### Task item
Exclude the pictures and reproduce the remaining data exactly as written.

### Source records
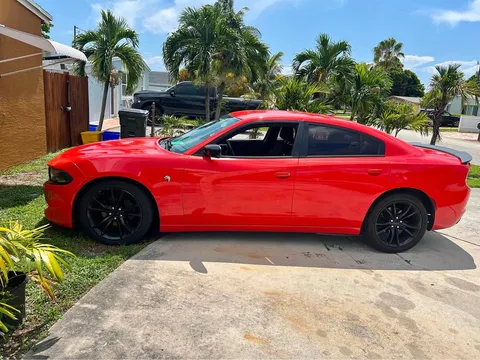2016 Dodge Charger SE Sedan 4D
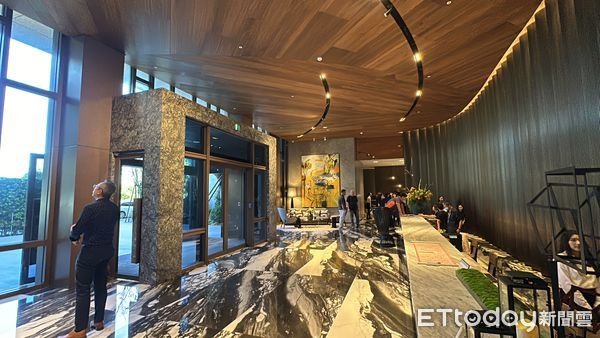 海線最猛公設！1字頭買到海島式泳池、室內籃球場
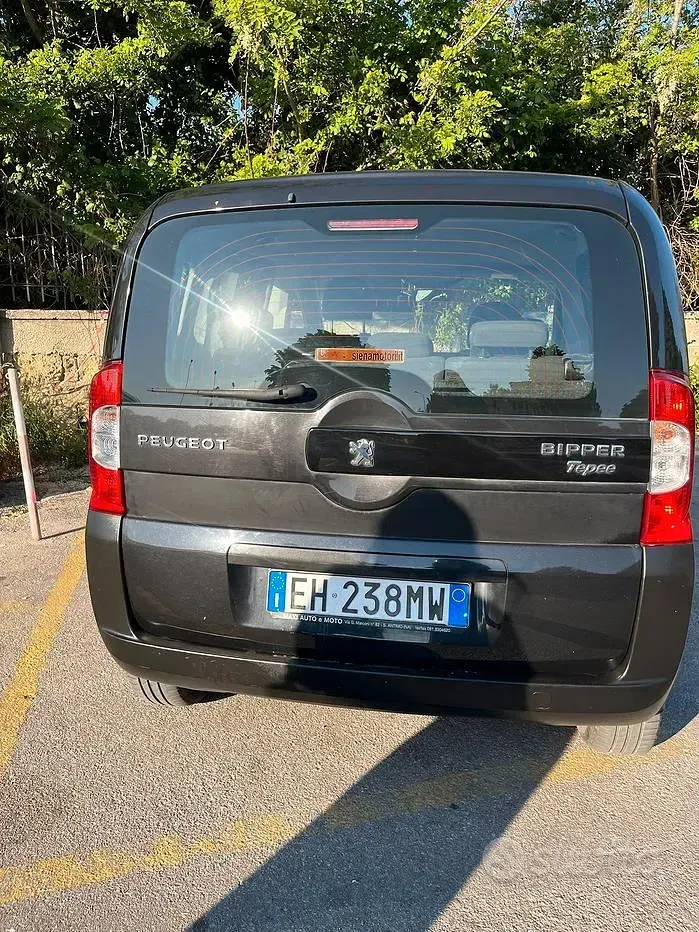 Usata Peugeot Bipper 75 CV (55 kW) 2011 Grigio Monovolume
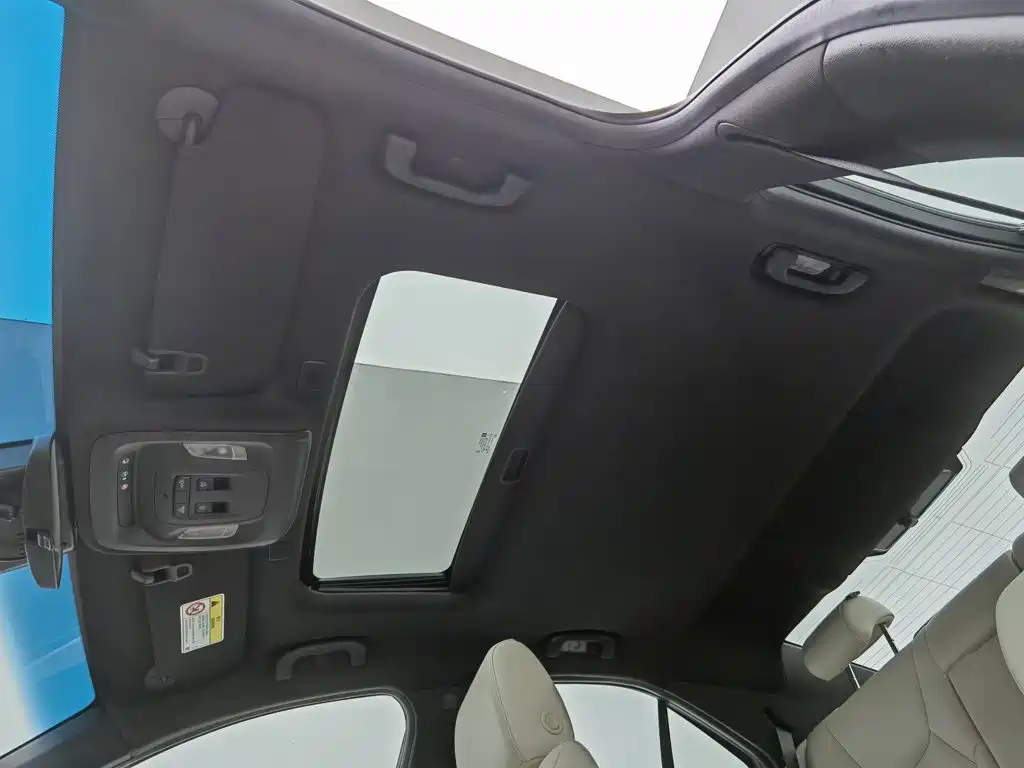 Cadillac CT4 — миниатюра 14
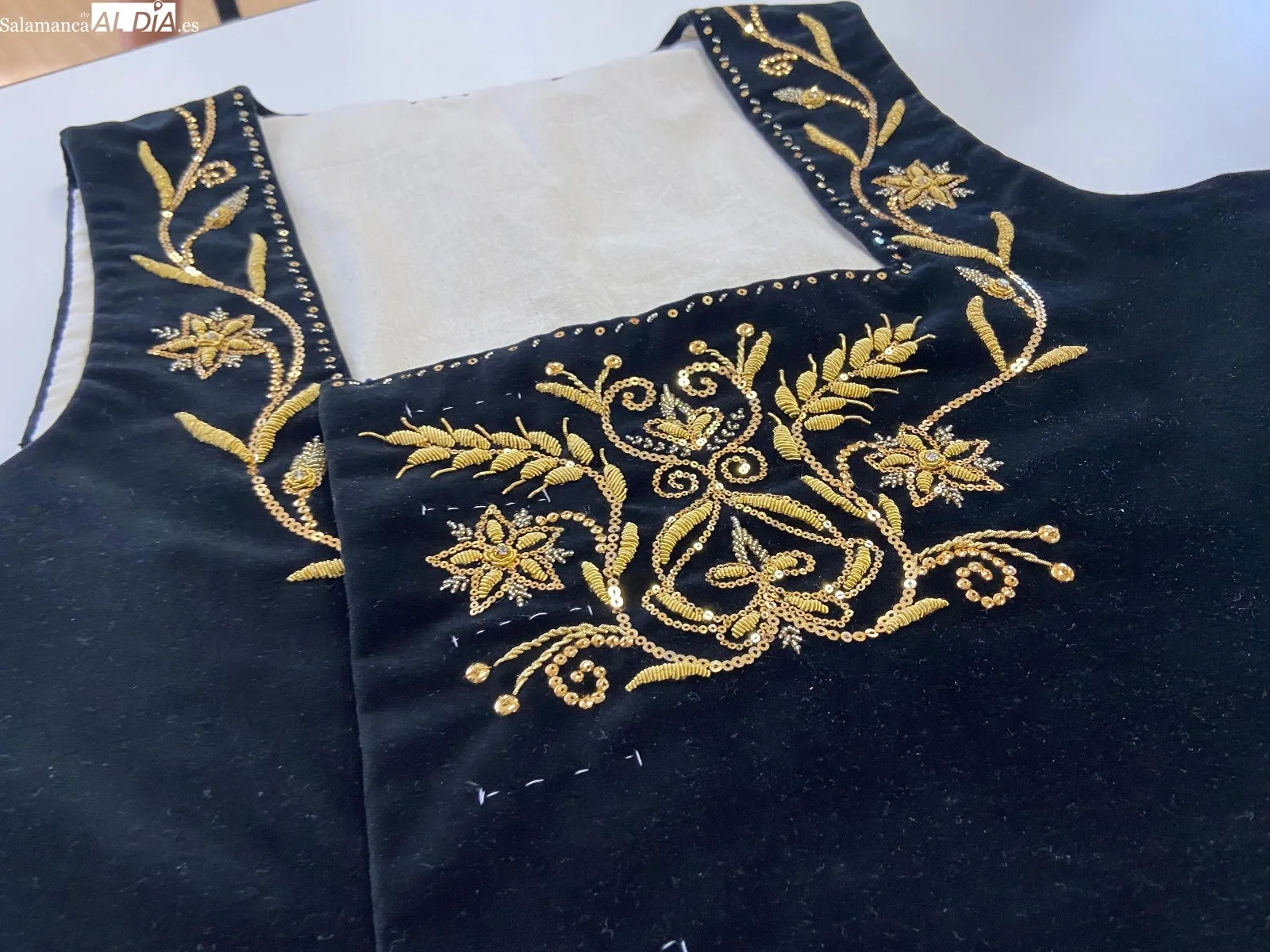 Las obras de arte del bordado. La creación y restauración de piezas únicas | FOTOS: Vanesa Martins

### Answer to the exercise
2016 Dodge Charger SE Sedan 4D
 海線最猛公設！1字頭買到海島式泳池、室內籃球場
 Usata Peugeot Bipper 75 CV (55 kW) 2011 Grigio Monovolume
 Cadillac CT4 — миниатюра 14
 Las obras de arte del bordado. La creación y restauración de piezas únicas | FOTOS: Vanesa Martins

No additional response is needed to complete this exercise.